# Doom: Erste Bilder und Storybeschreibung der Neuverfilmung



## Darkmoon76 (10. März 2019)

Jetzt ist Deine Meinung zu *Doom: Erste Bilder und Storybeschreibung der Neuverfilmung* gefragt.


						Bitte beachtet: Der Kommentarbereich wird gemäß der Forenregeln moderiert.





			Dieser Inhalt steht nur eingeloggten Mitgliedern zur Verfügung.
        

 Zum Artikel: *Doom: Erste Bilder und Storybeschreibung der Neuverfilmung*


----------



## Banana-OG (10. März 2019)

Da kannst auch gleich Uwe Boll anrufen.


----------



## melcom1 (10. März 2019)

Sieht ja mal voll nicht gut aus ... oh je


----------



## oldmichl (10. März 2019)

Wird wahrscheinlich genau so schlecht wie der Film von 2005. Evtl. guck ich in mir aber trotzdem an, wegen der Verbundenheit zu den Games.

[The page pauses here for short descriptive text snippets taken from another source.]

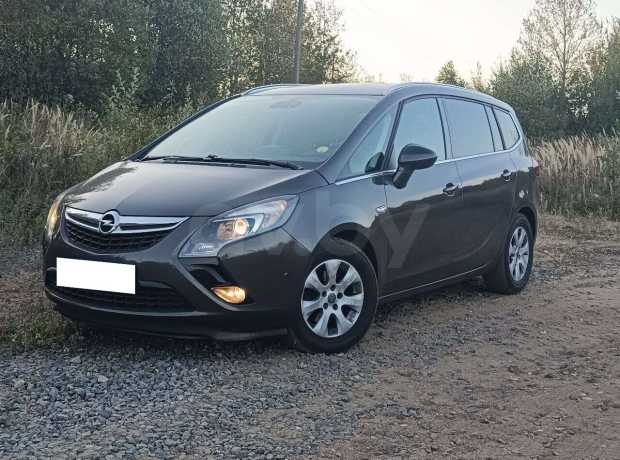 Opel Zafira C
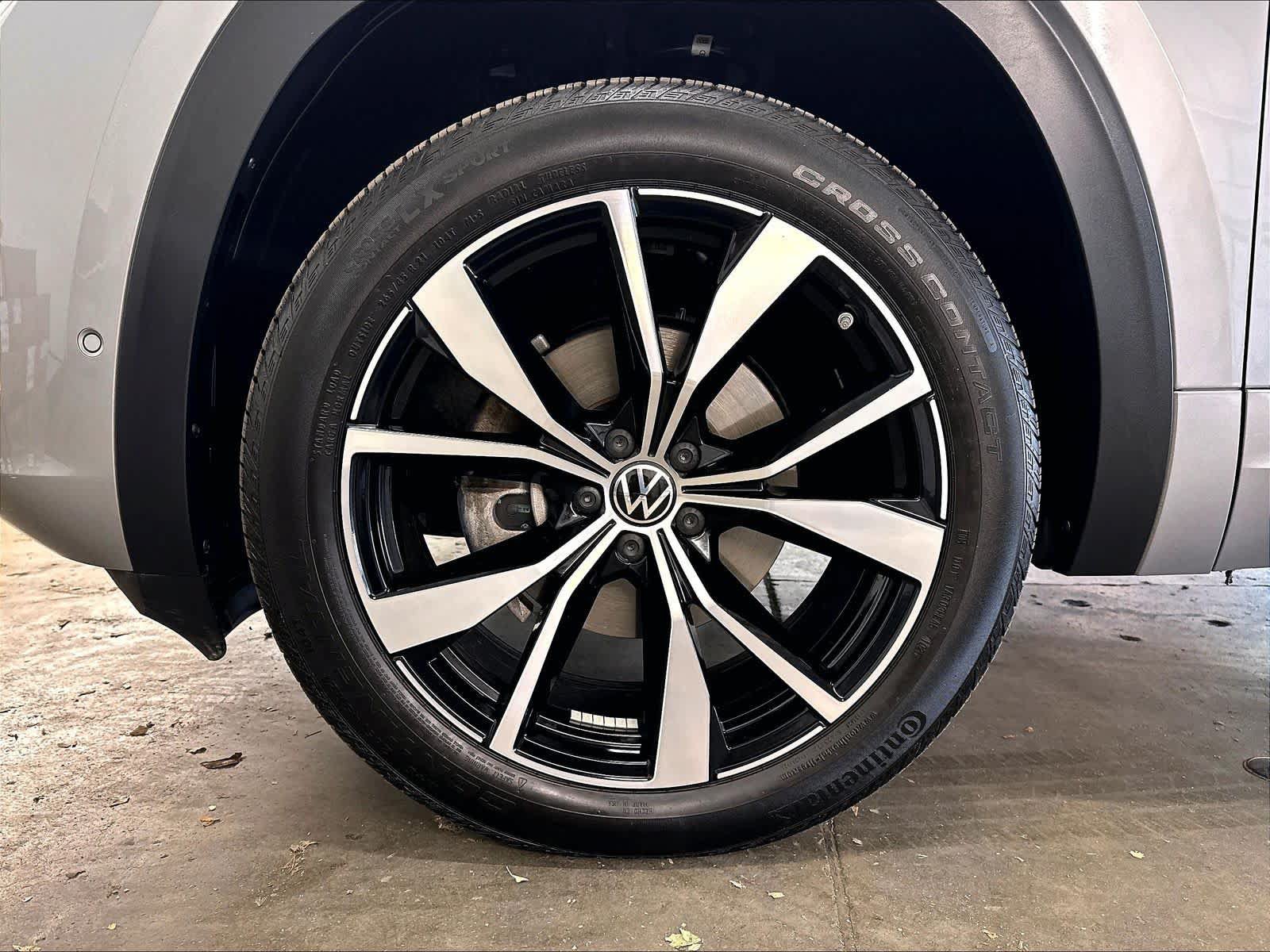 Used 2026 Volkswagen Atlas SEL Premium R-Line AWD/4WD image 36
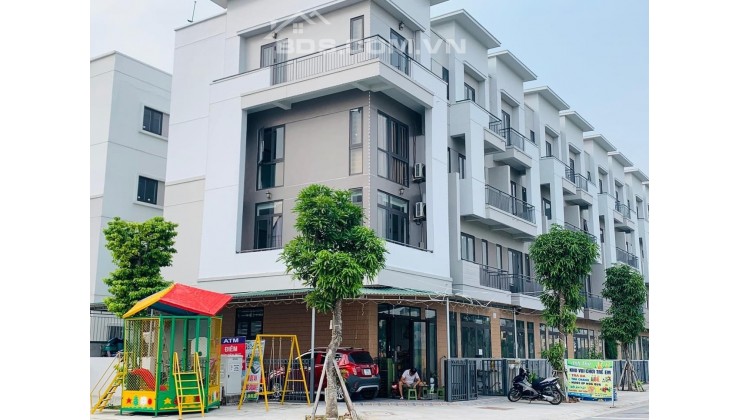 BÁN RẺ SHOPHOUSE CĂN GÓC, KINH DOANH LUÔN 0886 147 486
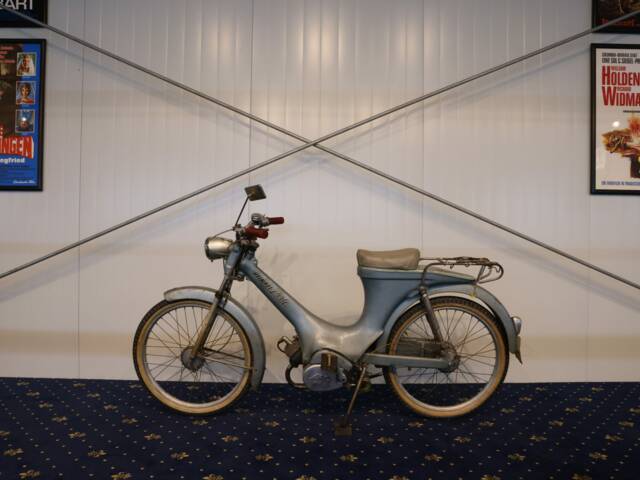Heinkel Perle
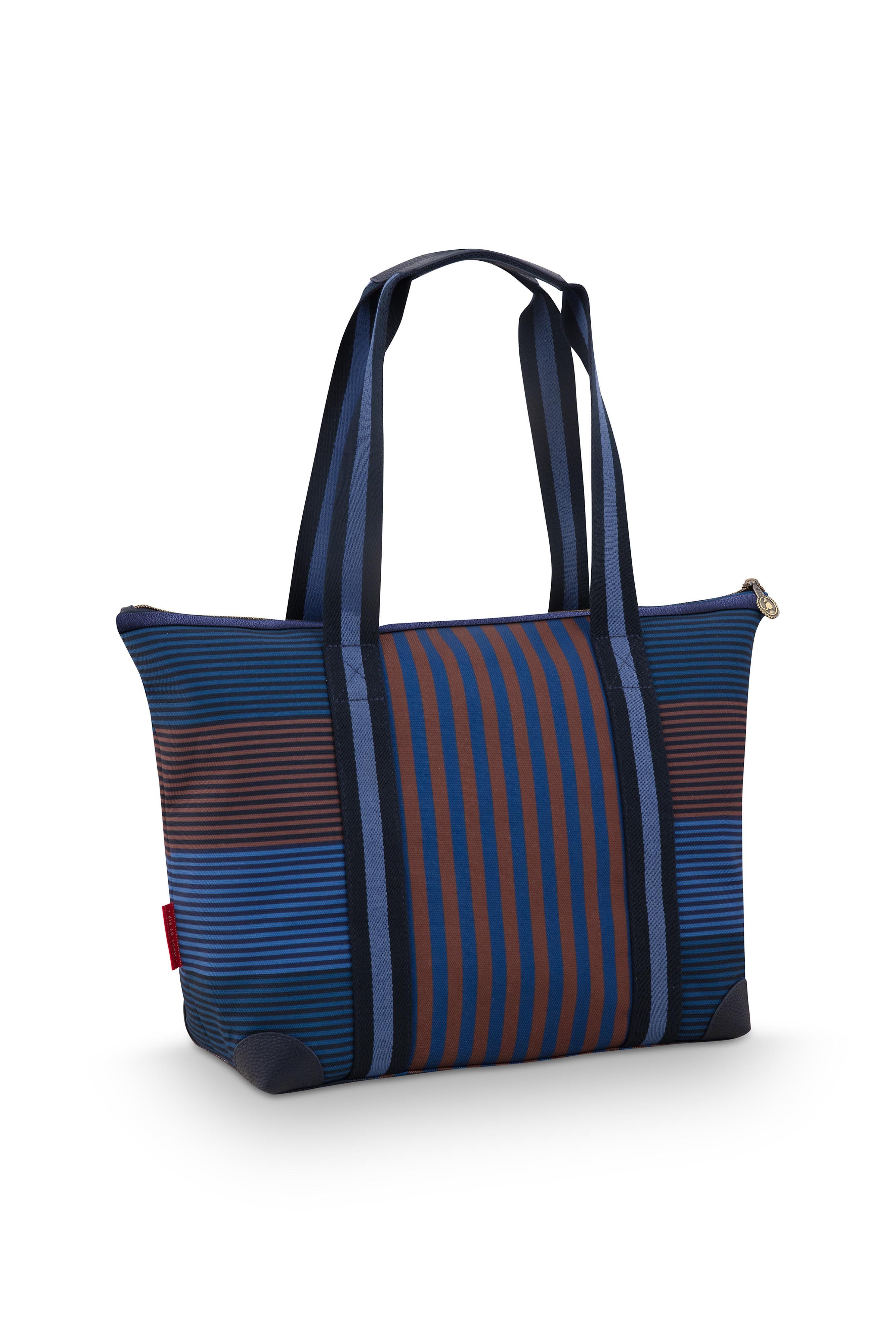 Сумка средняя Tilda Stripe Blue, 13 л ракурс 3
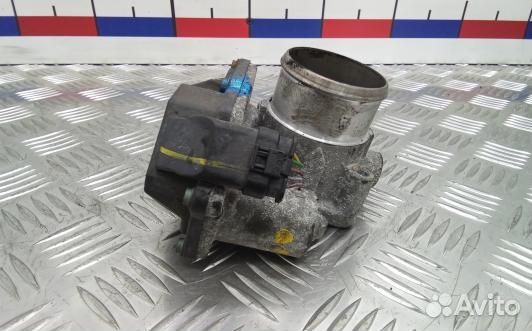 Дроссельная заслонка дизельная hyundai I30 GD (NDN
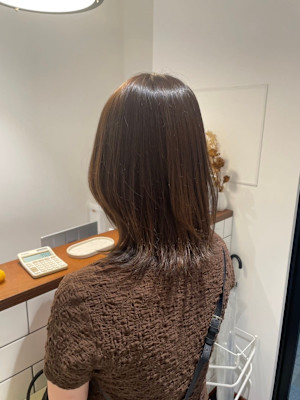 kotona Hair&relax 草加店×スタイル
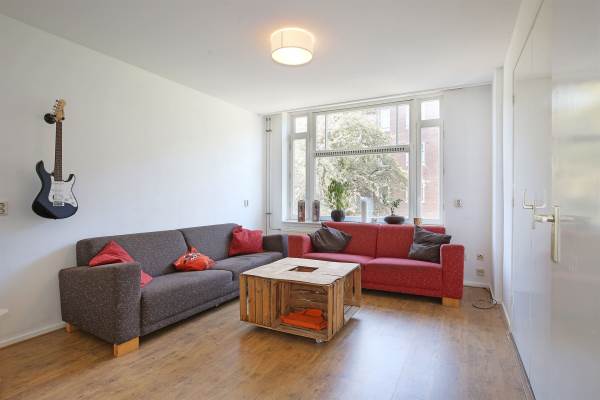 Woning Hofwijckstraat 22 Amsterdam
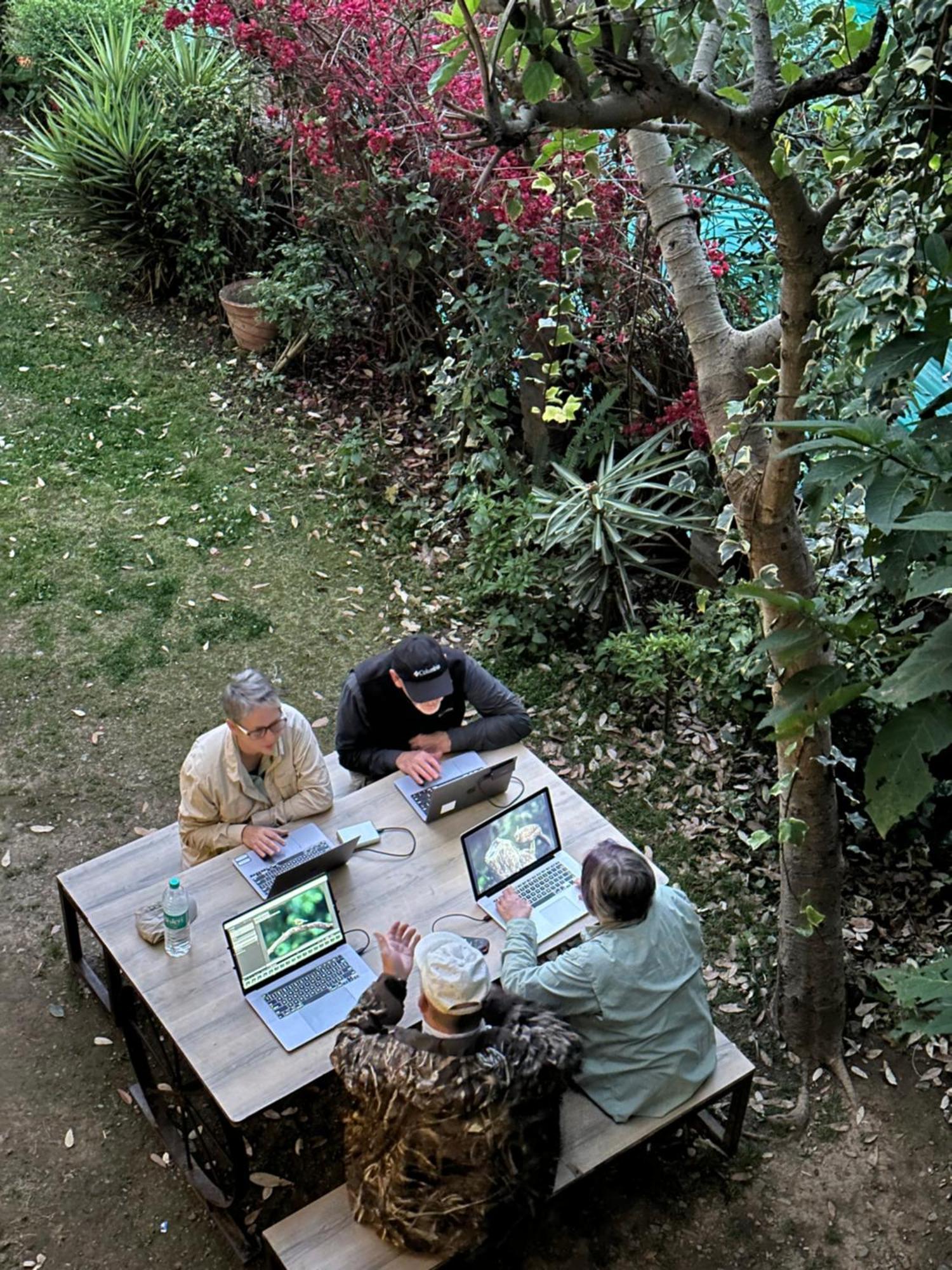 Bhīm TālIncredible Birding Camp公寓 外观 照片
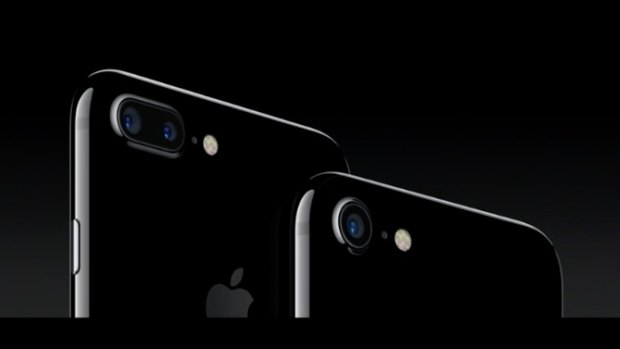 The new iPhones are about 10 to 15 per cent more expensive in Australia - even without GST and our weaker dollar. 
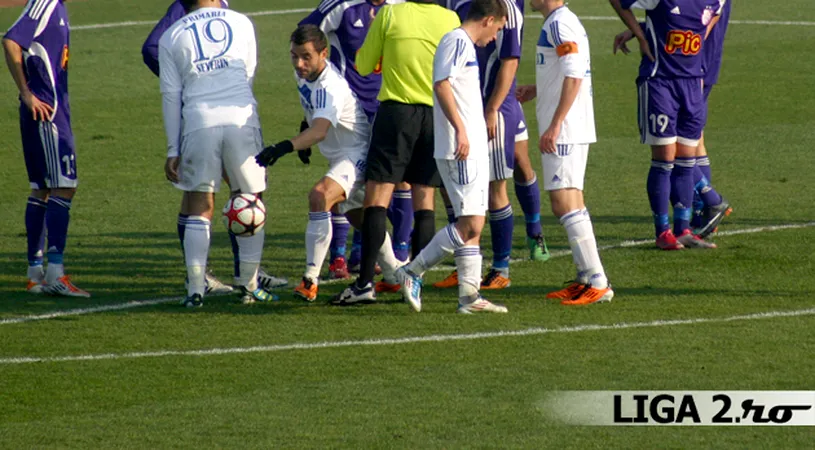FC Argeș a fost „executată
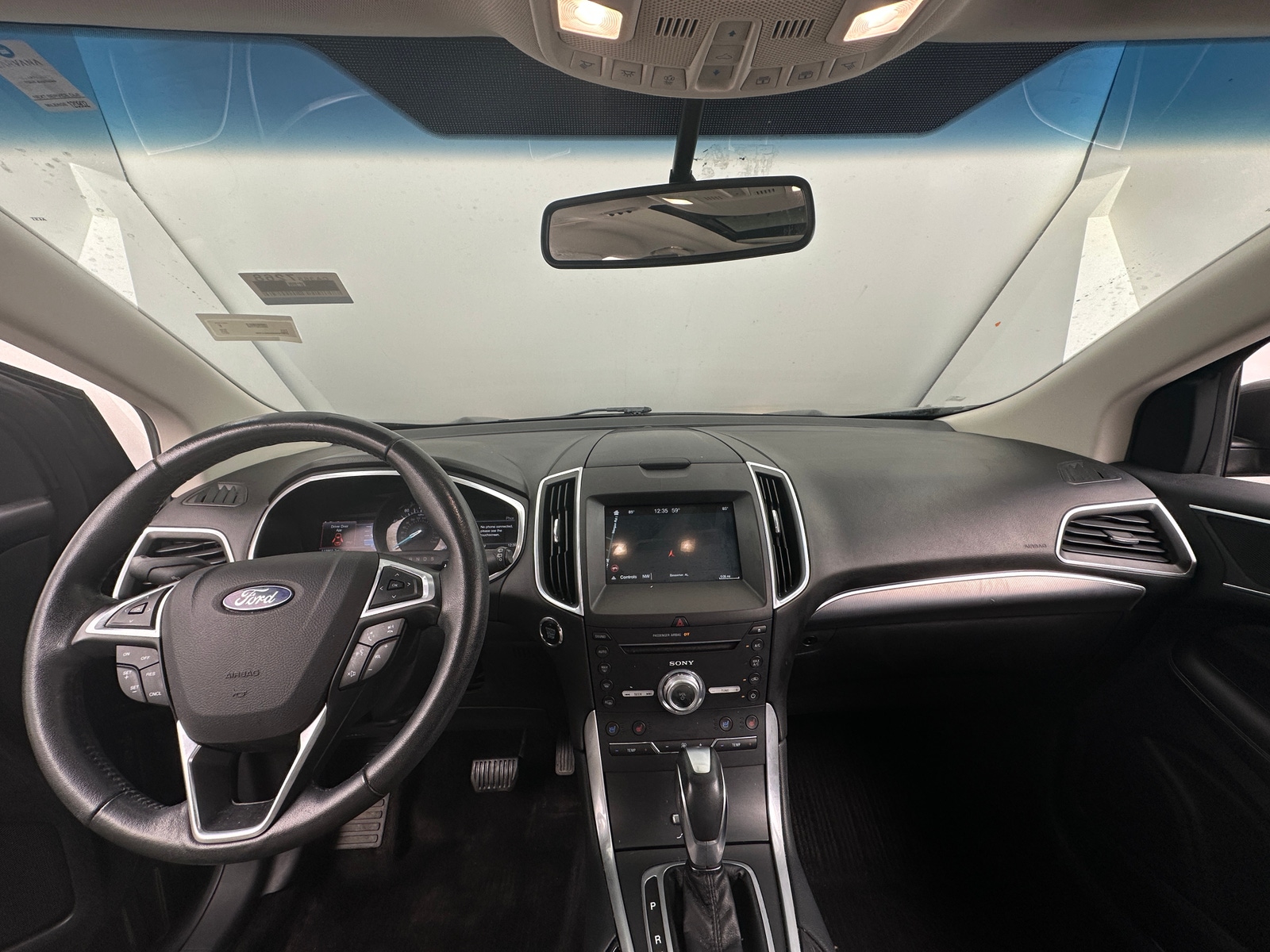 Thumbnail: 2017 Ford Edge - 2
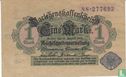 Reichsschadenverwaltung, 1 Mark 1914 (S.52 - Ros.51d) - Bild 1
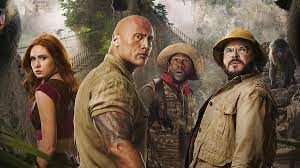 It is loosely based on the 1981 children's book by chris van allsburg and the first installment of the jumanji franchise. Jumanji The Next Level Review A Game Of The Year Edition Sequel Den Of Geek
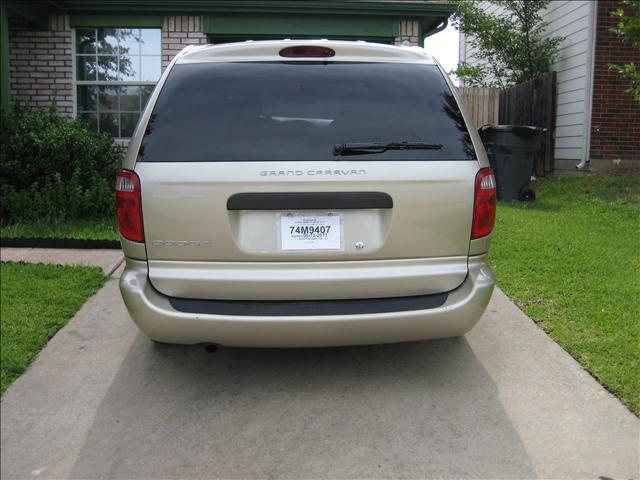 Dodge Grand Caravan 2005 photo 4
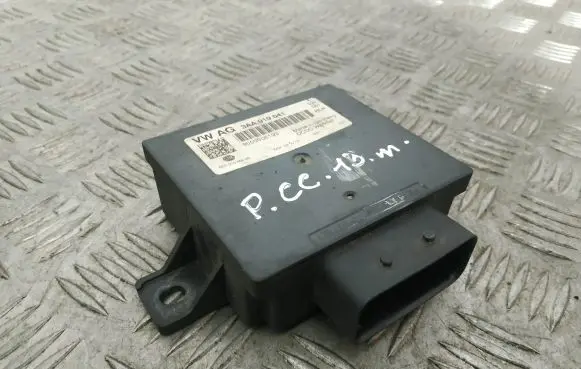 Volkswagen PASSAT CC Voltage converter/converter module 3AA919041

Die beste Doom-Verfilmung bisher war gar keine Doom-Verfilmung: Event Horizon


----------



## Gemar (10. März 2019)

Fazit nach den ersten Bildern: Trash Movie incoming?


----------



## Staplerfahrer7388 (10. März 2019)

Gemar schrieb:


> Fazit nach den ersten Bildern: Trash Movie incoming?


genau dasselbe habe ich mir auch gedacht


----------



## Kartamus (11. März 2019)

Die erste DOOM Verfilmung war meiner Meinung nach ganz ok, aber das hier wird vermutlich Film des Jahres!


----------



## Jerec (11. März 2019)

James Cameron sollte sich dieser Sache mal annehmen


----------



## Cobar (11. März 2019)

In DOOM wird eine Geschichte erzählt? Man ballert sich doch sowieso nur durch unzählige Dämonen, Aliens und was auch immer man so vor die Flinte bekommt...
Ich fand den Film von 2005 gar nicht so schlecht, besonders die Egoshooter-Perspektive gegen Ende des Films hat mir sehr gut gefallen.
Dass der neue DOOM jetzt irekt auf DVD/Bluray erscheinen wird, deutet für mich an, dass die Macher jetzt schon nicht an den Film glauben.

Das Bild von dem Wissenschaftler sieht ja grausam aus (und das sicher nicht im positiven Sinn). Sowas sieht man sonst am Wochenende auf Tele5 laufen und wenn es ganz besonders schlecht ist, kriegen wir den Film dann wohl nächstes Jahr sogar als SchleFaZ zu sehen. Darüber würde ich mich wiederum freuen, dann gibt es genug zu Trinken beim Film, so dass man diesen auch halbwegs durchsteht


----------



## xdave78 (11. März 2019)

Fand den Film aus 2005 auch "Okay". Viel gibt "die Story" ja nun wirklich nicht her insofern war der schon in Ordnung.


----------